Baby C is now 16 months old and it’s amazing how her language has developed. I make it a point to talk as much as I can (that’s not hard :P) and to describe what I’m doing as I’m doing it. “I’m washing the dishes. Let’s get your shoes. Where is the blanket?” Last week, I was ecstatic to hear her say (very close to her bedtime), “Night night. Up. Bye bye!” I was thrilled to hear her express what she wanted and in sequence. The family was giddy too (but no one as much as I). When she waved to her sisters and walked into my arms, Baby C looked extremely proud of herself. That was probably the longest sequence she had spoken thus far and she was clear and concise about her feelings. Her usual comments are one to two words such as “all done,” “more milk,” and “this book.”
As with her two older sisters, I didn’t engage in much “baby talk.” My voice goes sing-songy and I do my share of nursery rhymes, but I avoid the whole “you widdle nose is so cutie poo” sort of talk (oddly enough, the older girls and I make up tons of nonsense words nowadays). I spoke to my girls like regular people and used repetition, emphasis, and engagement. We attended free library classes since all the girls were four months old and Baby C enjoys books much like her sisters did. I made it a commitment to go at least three times a week. She understands simple commands like “Get your shoes,” and “Sit down.” I didn’t want to regret that I didn’t do enough to help my child develop her language when I had the chance. What else is maternity leave for anyway if not to bond with your child and to engage as much as possible? After all, there are only so many mall-walks and coffee meet-ups one day can do. 🙂
It’s too early to tell how Baby C’s language skills will be, but I think she’s on the right track. I remember my eldest knew her alphabet at 18 months and was reading simple books by age three. We knew that she was an anomaly and was happy with her love of reading and writing, but we also knew not to expect the same of every child. By Senior Kindergarten, she was already reading at a Grade Two level and enjoyed extra worksheets at home. Our middle child took a bit longer to get into it, but again, after a year of school, she was already quite advanced and reading many DRA levels ahead of her classmates. She loves to read to Baby C and it melts my heart watching her play “Teacher” with her little sister.

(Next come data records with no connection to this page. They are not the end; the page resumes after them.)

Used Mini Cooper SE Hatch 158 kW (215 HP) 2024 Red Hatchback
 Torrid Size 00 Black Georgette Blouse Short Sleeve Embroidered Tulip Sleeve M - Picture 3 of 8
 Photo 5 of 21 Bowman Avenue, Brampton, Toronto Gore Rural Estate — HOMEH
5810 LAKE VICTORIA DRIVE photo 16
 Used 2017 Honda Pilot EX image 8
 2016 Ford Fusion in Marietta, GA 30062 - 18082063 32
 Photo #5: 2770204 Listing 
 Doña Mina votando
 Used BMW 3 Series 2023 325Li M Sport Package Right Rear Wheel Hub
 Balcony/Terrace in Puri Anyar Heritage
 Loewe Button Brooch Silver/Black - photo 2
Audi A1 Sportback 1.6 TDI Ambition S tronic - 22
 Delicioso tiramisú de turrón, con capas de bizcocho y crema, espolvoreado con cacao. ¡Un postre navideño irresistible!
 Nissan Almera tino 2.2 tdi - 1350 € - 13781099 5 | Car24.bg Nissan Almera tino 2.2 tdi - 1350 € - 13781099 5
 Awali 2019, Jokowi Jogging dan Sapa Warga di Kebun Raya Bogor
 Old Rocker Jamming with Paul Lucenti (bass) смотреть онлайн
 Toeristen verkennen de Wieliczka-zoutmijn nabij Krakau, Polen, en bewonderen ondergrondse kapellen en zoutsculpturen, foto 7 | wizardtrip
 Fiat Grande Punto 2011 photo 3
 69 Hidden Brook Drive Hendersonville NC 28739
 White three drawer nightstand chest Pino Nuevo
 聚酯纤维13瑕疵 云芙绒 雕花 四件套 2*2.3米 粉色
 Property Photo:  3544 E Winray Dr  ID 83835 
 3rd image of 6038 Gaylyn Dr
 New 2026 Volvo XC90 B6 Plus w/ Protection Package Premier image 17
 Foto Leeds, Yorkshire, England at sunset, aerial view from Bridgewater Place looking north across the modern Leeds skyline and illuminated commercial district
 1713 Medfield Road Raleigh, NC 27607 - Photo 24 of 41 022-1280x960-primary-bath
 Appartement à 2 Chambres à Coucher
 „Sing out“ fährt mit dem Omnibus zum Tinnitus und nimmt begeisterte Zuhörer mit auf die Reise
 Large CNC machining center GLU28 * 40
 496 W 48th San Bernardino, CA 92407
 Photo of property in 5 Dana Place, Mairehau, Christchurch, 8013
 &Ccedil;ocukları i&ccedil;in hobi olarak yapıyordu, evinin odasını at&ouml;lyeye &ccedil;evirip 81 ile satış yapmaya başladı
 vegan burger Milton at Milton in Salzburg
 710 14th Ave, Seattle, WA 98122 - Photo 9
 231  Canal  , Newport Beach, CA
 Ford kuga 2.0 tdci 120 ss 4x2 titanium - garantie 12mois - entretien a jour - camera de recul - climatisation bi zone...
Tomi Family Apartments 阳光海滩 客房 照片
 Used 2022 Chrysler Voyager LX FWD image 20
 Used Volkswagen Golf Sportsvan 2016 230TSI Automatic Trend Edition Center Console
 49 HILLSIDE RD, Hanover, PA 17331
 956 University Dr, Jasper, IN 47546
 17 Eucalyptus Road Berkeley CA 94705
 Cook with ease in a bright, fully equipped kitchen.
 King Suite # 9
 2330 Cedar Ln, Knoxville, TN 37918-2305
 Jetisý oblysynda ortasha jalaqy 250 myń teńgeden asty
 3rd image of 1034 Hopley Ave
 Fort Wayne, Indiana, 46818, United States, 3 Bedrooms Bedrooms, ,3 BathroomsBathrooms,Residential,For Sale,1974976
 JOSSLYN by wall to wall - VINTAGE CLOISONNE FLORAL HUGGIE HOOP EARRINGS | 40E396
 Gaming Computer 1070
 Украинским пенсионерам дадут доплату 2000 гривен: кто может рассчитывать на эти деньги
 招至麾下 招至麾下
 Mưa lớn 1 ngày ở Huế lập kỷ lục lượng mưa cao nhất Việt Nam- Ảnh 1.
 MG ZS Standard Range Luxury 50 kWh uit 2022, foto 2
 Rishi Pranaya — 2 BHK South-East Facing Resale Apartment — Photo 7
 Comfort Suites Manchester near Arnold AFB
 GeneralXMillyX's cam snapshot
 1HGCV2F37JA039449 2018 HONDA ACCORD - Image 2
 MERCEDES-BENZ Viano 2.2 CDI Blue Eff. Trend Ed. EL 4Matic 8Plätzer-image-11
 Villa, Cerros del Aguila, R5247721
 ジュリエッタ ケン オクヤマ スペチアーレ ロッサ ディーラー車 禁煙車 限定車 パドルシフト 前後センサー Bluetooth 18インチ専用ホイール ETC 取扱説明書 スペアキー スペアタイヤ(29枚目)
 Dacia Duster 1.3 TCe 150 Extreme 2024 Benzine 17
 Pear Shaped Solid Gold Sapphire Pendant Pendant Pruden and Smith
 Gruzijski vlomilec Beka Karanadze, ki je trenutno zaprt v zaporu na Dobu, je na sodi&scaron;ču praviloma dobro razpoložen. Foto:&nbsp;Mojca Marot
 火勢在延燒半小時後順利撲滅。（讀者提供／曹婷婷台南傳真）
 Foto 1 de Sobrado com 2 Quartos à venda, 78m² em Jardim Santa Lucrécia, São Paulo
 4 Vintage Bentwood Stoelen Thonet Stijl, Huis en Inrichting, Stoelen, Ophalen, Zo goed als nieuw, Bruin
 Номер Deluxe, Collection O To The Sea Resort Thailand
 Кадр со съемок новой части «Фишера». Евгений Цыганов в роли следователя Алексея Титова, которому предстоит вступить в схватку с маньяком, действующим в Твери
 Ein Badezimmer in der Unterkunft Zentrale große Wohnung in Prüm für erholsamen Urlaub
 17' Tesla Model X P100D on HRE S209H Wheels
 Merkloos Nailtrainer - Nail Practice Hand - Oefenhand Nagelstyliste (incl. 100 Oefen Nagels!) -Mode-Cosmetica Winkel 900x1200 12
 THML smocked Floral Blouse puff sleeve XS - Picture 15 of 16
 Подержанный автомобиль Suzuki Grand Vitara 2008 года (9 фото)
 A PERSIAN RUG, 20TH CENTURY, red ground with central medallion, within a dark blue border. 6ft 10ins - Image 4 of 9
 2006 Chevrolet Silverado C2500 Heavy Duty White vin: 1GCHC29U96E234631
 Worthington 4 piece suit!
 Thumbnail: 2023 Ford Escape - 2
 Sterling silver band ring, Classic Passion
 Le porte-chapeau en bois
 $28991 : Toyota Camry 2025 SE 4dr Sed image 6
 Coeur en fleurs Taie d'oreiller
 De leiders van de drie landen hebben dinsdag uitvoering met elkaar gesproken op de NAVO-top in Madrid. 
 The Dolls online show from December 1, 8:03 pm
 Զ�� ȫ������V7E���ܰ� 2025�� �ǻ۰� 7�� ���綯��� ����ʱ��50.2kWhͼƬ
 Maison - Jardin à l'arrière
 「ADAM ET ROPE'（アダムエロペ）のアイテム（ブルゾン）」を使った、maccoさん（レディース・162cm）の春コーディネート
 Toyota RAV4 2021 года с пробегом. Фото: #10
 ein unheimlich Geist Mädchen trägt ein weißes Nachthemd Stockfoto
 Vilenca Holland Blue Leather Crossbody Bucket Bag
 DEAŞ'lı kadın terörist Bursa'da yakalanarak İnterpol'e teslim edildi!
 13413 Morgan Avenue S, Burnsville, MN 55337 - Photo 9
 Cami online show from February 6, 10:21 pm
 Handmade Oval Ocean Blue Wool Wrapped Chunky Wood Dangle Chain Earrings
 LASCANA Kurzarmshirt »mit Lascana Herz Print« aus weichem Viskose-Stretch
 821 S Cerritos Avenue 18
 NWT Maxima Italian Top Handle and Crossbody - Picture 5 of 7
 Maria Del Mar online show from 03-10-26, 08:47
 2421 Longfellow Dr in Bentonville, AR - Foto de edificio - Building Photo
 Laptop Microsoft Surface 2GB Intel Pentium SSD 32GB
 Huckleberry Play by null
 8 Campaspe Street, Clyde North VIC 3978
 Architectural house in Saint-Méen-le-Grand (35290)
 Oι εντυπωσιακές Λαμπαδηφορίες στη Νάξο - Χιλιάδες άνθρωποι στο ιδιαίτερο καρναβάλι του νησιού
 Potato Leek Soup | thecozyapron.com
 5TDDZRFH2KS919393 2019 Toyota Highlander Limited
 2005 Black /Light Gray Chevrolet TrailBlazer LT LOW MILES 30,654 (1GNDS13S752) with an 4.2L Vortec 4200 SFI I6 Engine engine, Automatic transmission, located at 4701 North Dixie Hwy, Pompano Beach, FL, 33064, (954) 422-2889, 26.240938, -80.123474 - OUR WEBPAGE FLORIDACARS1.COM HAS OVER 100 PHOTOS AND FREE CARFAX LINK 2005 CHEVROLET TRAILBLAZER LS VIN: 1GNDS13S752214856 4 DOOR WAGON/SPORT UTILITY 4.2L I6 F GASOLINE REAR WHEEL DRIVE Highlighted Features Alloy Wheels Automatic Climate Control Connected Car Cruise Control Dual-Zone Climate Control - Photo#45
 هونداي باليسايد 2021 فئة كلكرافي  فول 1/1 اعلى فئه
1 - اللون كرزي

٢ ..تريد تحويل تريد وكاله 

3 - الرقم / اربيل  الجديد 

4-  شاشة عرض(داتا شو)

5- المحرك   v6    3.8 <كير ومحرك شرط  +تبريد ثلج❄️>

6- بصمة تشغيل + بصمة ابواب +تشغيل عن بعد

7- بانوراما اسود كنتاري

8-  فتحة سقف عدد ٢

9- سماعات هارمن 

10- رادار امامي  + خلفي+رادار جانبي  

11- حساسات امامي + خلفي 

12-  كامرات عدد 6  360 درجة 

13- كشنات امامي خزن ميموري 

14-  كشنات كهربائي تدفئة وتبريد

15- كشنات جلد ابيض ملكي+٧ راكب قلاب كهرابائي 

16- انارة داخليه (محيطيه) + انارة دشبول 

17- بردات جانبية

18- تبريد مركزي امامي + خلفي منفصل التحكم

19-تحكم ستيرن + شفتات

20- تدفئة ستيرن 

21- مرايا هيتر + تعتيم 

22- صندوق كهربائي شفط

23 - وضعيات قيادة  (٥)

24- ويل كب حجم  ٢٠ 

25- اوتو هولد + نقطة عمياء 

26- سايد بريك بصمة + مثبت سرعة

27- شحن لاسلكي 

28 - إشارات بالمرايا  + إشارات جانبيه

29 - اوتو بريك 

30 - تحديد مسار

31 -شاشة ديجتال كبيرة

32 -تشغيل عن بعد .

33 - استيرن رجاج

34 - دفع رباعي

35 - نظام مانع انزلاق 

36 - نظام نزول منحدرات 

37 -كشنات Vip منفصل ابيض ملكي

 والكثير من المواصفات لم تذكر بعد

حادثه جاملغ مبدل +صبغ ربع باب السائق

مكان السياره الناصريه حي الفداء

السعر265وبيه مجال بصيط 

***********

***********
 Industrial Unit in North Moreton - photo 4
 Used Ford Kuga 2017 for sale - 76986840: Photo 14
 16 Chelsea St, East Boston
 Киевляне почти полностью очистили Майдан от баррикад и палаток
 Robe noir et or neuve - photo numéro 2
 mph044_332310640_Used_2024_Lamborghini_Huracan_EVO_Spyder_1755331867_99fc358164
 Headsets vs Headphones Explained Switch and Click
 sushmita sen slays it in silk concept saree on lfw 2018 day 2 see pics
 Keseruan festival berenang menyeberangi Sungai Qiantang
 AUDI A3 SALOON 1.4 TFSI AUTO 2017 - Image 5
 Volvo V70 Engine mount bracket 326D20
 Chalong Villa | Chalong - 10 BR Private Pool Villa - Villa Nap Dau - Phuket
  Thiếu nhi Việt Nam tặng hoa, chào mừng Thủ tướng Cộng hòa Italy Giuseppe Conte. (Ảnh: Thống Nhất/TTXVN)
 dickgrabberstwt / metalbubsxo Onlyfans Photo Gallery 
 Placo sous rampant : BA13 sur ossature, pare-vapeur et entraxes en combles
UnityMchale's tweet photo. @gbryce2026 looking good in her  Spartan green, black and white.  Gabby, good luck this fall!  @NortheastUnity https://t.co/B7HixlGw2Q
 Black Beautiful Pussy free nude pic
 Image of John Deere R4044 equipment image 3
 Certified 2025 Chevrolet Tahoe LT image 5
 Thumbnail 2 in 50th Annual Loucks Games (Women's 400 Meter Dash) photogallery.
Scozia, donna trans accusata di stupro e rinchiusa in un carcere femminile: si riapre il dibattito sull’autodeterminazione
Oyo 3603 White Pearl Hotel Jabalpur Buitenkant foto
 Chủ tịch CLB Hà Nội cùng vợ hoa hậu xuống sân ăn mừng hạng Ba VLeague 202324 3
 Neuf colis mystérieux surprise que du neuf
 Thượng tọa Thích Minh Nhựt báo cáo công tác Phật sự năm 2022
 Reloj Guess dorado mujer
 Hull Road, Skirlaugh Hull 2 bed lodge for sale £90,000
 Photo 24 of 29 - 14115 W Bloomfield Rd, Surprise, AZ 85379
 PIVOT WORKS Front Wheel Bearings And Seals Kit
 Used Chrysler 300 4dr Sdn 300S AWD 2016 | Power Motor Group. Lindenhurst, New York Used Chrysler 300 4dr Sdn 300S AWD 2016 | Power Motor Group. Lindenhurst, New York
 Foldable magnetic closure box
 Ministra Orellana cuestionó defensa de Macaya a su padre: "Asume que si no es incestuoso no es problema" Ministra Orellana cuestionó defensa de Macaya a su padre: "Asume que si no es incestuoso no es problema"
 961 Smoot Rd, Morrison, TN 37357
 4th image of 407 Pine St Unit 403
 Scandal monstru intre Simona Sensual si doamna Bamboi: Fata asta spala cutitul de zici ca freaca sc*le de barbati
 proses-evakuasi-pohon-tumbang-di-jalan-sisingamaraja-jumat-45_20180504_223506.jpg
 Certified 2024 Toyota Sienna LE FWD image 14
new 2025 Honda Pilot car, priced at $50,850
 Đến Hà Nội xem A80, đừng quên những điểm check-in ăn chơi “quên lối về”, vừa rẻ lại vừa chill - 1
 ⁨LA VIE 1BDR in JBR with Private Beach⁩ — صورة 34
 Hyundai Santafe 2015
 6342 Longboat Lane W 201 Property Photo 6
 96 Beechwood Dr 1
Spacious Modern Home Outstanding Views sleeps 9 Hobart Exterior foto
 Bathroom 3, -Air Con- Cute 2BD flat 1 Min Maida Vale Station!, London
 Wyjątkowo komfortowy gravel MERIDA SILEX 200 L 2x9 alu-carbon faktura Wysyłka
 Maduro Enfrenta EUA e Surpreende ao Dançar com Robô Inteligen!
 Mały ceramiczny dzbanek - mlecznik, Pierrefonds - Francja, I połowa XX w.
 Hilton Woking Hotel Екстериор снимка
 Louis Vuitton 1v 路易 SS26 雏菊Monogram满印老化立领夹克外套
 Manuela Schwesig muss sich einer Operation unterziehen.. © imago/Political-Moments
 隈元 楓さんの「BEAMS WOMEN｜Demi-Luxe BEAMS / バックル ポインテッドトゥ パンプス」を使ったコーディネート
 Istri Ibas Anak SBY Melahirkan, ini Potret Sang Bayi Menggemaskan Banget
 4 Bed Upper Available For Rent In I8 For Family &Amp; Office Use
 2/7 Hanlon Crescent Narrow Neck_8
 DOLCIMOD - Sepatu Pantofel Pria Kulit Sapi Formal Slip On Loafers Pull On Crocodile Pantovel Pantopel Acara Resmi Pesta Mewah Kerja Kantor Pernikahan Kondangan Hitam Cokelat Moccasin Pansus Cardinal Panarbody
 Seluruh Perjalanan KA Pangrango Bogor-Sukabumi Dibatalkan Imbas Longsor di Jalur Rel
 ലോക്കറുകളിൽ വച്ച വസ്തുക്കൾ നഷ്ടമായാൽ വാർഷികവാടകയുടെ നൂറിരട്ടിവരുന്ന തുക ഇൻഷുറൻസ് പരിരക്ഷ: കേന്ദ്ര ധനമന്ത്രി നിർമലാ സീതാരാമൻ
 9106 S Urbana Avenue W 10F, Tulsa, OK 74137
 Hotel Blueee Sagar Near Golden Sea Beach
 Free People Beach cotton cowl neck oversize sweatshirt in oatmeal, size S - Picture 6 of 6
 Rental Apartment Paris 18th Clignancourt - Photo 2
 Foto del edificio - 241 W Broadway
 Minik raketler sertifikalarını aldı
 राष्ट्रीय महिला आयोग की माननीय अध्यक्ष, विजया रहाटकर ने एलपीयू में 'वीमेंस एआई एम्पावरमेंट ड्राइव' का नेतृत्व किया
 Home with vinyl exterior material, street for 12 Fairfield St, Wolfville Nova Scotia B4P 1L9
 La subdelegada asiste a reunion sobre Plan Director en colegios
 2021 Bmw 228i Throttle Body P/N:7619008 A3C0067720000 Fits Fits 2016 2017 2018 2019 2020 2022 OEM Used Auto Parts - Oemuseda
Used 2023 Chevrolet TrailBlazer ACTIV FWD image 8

Early literacy begins at home and I’m a huge advocate for making it a family affair. Go to library classes together. Attend programs at Early Years Centres. Read books in bed. Sing songs. Play with letter blocks. Do anything to get your baby started on the right path. I’m still a strong believer that the first five years of a child’s life are HUGE. Their brains are developing at amazing rates and connections are made. I just want to be the bridge that helps with those links.